On 30th November, Cardiff People’s Assembly is hosting an event with Selma James, “Women Race and Class: Uniting Our Struggles”.
Selma James, celebrated author and the founder of the international Wages for Housework campaign in the 1970s, will address the issue of power relations within the society during her talk. Cardiff People’s Assembly are hosting this talk to explore how the three forms of oppression, power, sex and class overlap. The event will also look at how the three can be united to create a better society for all.
Cardiff People’s Assembly has organised talks on many such issues in the past and is a network of people who oppose austerity and cuts. It is an organisation that holds open meetings to decide the next course of action.
Adam Johannes is an organiser with Cardiff People’s Assembly. He said, “Women in general in 21st century Britain still have a lower income than men on average with the gender pay gap widening for women. The gender pay gap is part of the same power imbalance that has caused a series of sexual harassment scandals in politics, the media and entertainment industries.”
The event is free and open to all. It will take place at Trinity Centre, Piercefield Place. The talk will be followed by a general discussion and there will be enough time for questions to generate a debate. This will be followed by a screening of “The Women of Rhondda” made in the early 70s. The short film is about Welsh Women involved in the general strike of 1926.

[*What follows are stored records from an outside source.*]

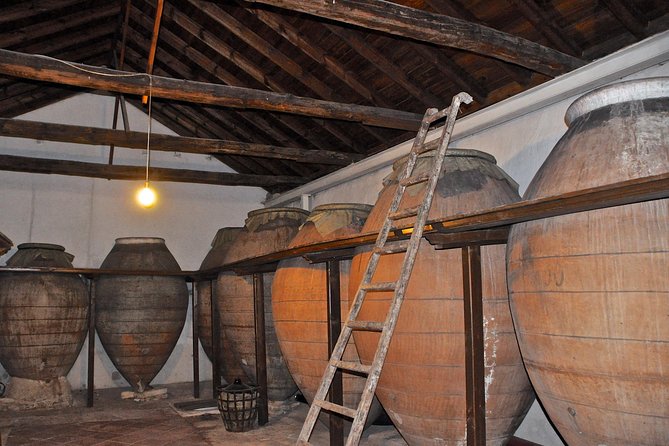 Madrid Countryside Wineries Guided Tour with Wine Tasting - Stop 3 at Bodegas Jesús Díaz e Hijos: convent roots, clay jars, and cave cellars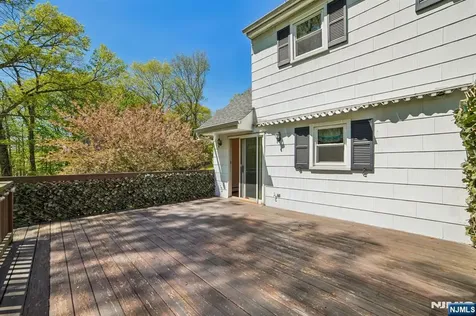 75 W Oakland Avenue Oakland NJ 07436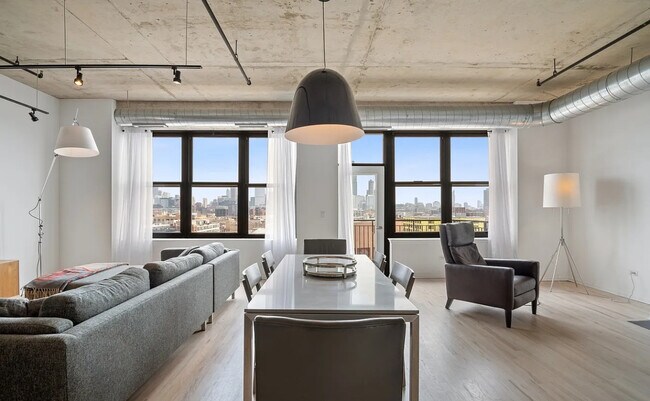 Building Photo - 6 S Laflin St
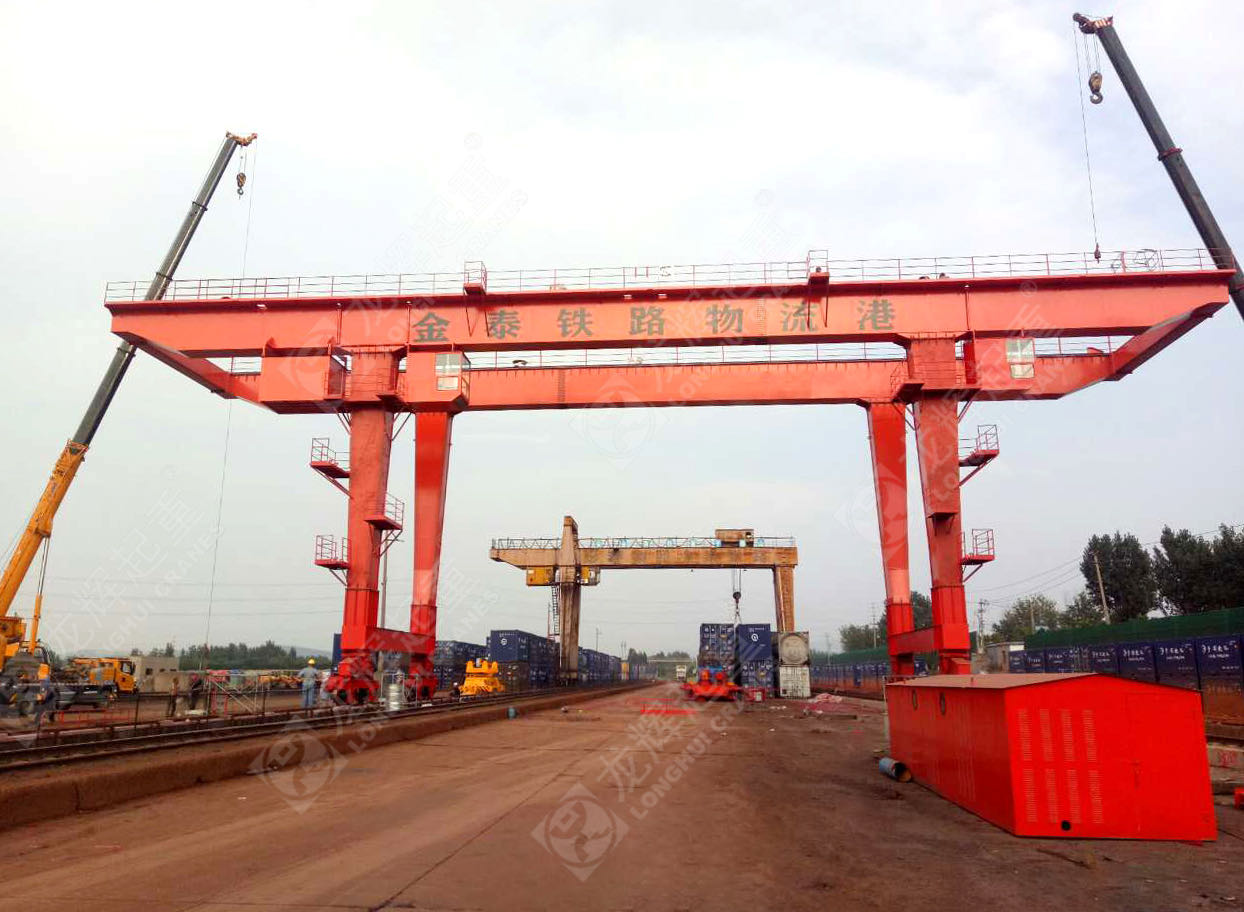 中集集团获得实用新型专利授权：“箱门及集装箱”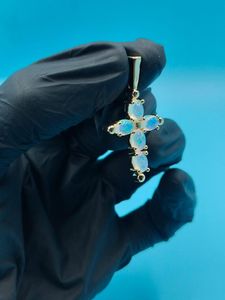 Pendentif en pierre d'opale bleue en forme de croix, pendentif en argent 925, cadeaux de baptême, pendentif de foi religieuse, pendentif délicat, bijoux chrétiens - Product Image 4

Selma James, having been a women’s rights and anti-racist campaigner for years, writes in her book, Sex, Race & Class: The Perspective of Winning, “Defining the enemy as patriarchy – the power relations between men and women – while ignoring the multitude of other power relations – such as those based on class, race and nationality – impels many feminists into narrow, unfeeling and racist corners. It is an arrogant and one-dimensional view of humanity and of the crisis of survival we share.”